Today, we talked about form validation in PHP, and we introduced the syntax for defining functions in PHP. As an example, we revisited the first CGI script we wrote way back at the beginning of the semester (a whole week and a half ago). This was a Python script with an HTML interface that asked for the user's name and age, and when "Proceed" was pressed, greeted them by name and told them how old they'd be in the following year.
Our first task was simply to re-implement this in PHP. This time, we decided to do it as a single combined HTML web page / PHP script instead of a separate HTML interface and Python script. Here's what it looked like:
<html>
<head>
<title>Age Next Year</title>
</head>
<body>
<form method="get">
Name: <input type="text" name="who">
Age: <input type="number" name="age">
<input type="submit" name="action" value="Proceed">
</form>
<br>
<?php
if (isset($_GET["who"]) and isset($_GET["age"])) {
echo "Hello, " . $_GET["who"] . ". Next year, you will be " . ($_GET["age"] + 1) . " years old."; }
?>
</body>
</html>
Now this works as advertised. But, it's not very secure. You can type anything you want into that "Name" field, and it will be sent right back into the code of the web page. It's not just about displaying things. If you put some HTML code into that name file, it will get interpreted by the browser as if it was part of the web page, so for example, if you input <h1>H4X0R5!</h1>
into the "Name" field, you might end up with a page that looks like this:
It doesn't take a whole lot of imagination to see how big of a problem this can be. Being able to inject arbitrary code into a web page means that an unscrupulous user could add Javascript or PHP code and do just about anything they want. So this is definitely something that needs to be fixed.
There are (at least) two approaches we could take to fix the problem. The first method is to search the inputted data for HTML tags and then rejecting the input, telling the user not to use them. The second is to accept the HTML tags, but encode them in such away that they'll just be displayed and won't be interpreted as code. For this problem, we took the second approach.

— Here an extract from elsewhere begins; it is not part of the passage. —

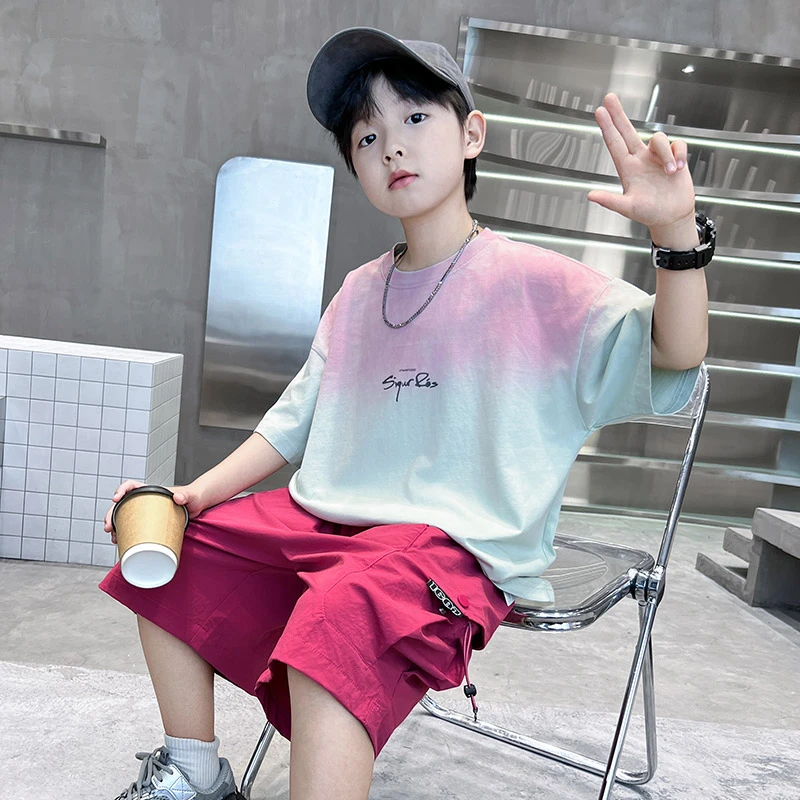 儿童T恤2025夏季新款短袖男童体恤夏装中大童洋气宽松男孩套装薄t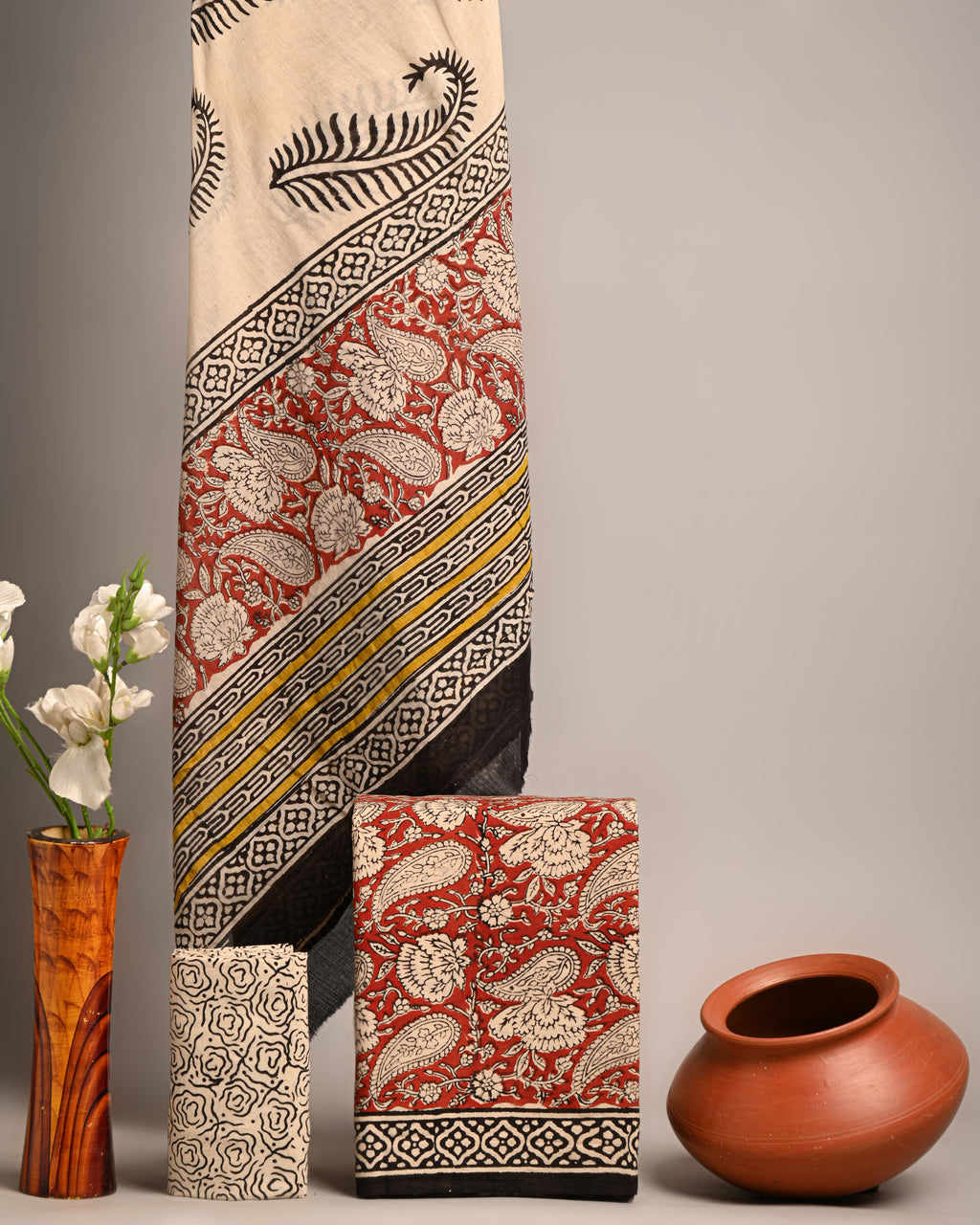 Unstitched Material - Deep Brick Red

There are fortunately only a few special characters in HTML. There are the angle brackets <
and >
that start and end every HTML tag. The ampersand &
is used to display special characters, and you could make an argument that single and double quotes should be protected too. Fortunately, there's a way to display characters in HTML without them being interpreted as code. They're called "HTML entities", and they consist of an ampersand, followed by a code describing the character and then a semi-colon. So for example, the "less than" sign <
can be displayed by using the HTML entity <
and the ampersand &
by using &
. You can also use HTML entities to display characters that you can't or don't want to type directly into the code. They're often used for things like the euro sign €
or the copyright symbol ©
. You can see a big list of them here.
It wouldn't be too much trouble to write a little function that replaces all of these symbols with their HTML entities. But fortunately, there's a built-in PHP function that does this for us called htmlspecialchars()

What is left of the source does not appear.